The younger man is accused, among other things, of conspiring to commit a crime, namely insidious murder for base motives, as well as preparing a serious act of violence that endangers the state, the Düsseldorf public prosecutor’s office announced on Thursday. According to the NRW Interior Ministry, it is a German-Afghan. According to the Brandenburg Ministry of the Interior, the 16-year-old has Russian citizenship.

Faeser warns of Islamist attacks

Federal Interior Minister Nancy Faeser (SPD) warned of attacks in view of the arrests and the Gaza war. “Islamist terrorist organizations, but also Islamist individual perpetrators, are a significant danger that exists at all times,” she told the editorial network Germany (RND). The Gaza war has a direct impact on the security situation.

“We have taken such consistent action against the Islamist scene in recent weeks because we have a close eye on the changing threat situation.” It is thanks to the Federal Criminal Police Office that around 170 channels or content have now been removed on the Telegram network alone, “which were used to spread disgusting anti-Semitic and Islamist propaganda,” said Faeser.

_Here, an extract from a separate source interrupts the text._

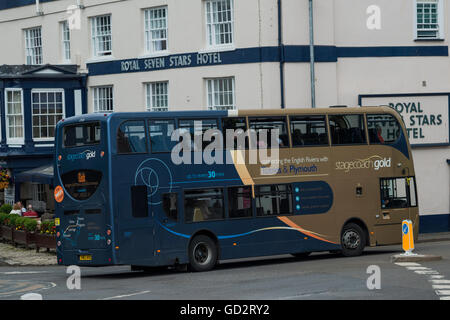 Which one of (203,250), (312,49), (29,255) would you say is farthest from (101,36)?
(203,250)

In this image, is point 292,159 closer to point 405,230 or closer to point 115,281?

Before the arrests became known, the Office for the Protection of the Constitution had warned that, against the backdrop of the Middle East conflict, the risk of possible terrorist attacks against Jewish and Israeli people and institutions as well as against “the West” had increased significantly. However, the greatest danger does not come from supporters of Hamas or the pro-Iranian Hezbollah, but from terrorist groups such as Al-Qaeda or the Islamic State (IS).

The young people’s alleged plans are reminiscent of the attack on December 19, 2016 at the Memorial Church in Berlin. At that time, an Islamist terrorist drove into the Christmas market in a hijacked truck. A total of 13 people died as a result of the crime, one of them as a result years later.